**Given data**
━━━━━━━━━━━━━━━━
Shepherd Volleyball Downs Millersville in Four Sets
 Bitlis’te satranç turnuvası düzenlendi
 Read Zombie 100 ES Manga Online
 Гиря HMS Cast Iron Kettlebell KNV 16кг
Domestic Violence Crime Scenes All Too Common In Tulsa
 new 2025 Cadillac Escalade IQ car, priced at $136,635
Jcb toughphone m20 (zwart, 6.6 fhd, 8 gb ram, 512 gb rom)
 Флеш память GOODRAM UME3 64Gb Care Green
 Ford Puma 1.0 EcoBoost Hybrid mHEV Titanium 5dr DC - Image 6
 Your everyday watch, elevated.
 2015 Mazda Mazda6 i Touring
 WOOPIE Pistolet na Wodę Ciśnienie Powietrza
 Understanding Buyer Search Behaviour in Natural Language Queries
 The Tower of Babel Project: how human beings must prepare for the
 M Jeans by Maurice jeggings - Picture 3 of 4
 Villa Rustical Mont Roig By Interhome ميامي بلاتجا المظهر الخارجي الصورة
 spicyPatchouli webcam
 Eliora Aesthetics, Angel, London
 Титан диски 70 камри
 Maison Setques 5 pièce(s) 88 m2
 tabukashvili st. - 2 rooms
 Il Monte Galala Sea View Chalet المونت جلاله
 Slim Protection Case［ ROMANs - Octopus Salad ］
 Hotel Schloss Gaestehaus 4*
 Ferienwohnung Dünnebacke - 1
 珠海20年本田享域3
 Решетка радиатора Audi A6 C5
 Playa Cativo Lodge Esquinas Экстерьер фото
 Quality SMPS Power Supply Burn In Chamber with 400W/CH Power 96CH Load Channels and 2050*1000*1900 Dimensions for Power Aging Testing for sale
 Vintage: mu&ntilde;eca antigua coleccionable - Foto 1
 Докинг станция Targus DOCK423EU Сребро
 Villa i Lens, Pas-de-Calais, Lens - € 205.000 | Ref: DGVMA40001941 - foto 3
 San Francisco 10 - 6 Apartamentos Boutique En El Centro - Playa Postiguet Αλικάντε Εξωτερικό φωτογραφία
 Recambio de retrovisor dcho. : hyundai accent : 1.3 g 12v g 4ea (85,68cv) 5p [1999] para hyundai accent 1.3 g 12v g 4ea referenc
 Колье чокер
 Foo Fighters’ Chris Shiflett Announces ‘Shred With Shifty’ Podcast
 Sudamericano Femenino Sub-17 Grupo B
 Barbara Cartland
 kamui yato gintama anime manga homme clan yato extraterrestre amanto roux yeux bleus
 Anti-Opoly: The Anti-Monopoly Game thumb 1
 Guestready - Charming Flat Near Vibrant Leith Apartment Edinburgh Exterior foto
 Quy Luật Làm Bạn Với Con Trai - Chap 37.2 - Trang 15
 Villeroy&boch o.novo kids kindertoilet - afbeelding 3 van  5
━━━━━━━━━━━━━━━━
Some lines above may hold the word "Villa"; say how many do, giving nothing besides the number.

2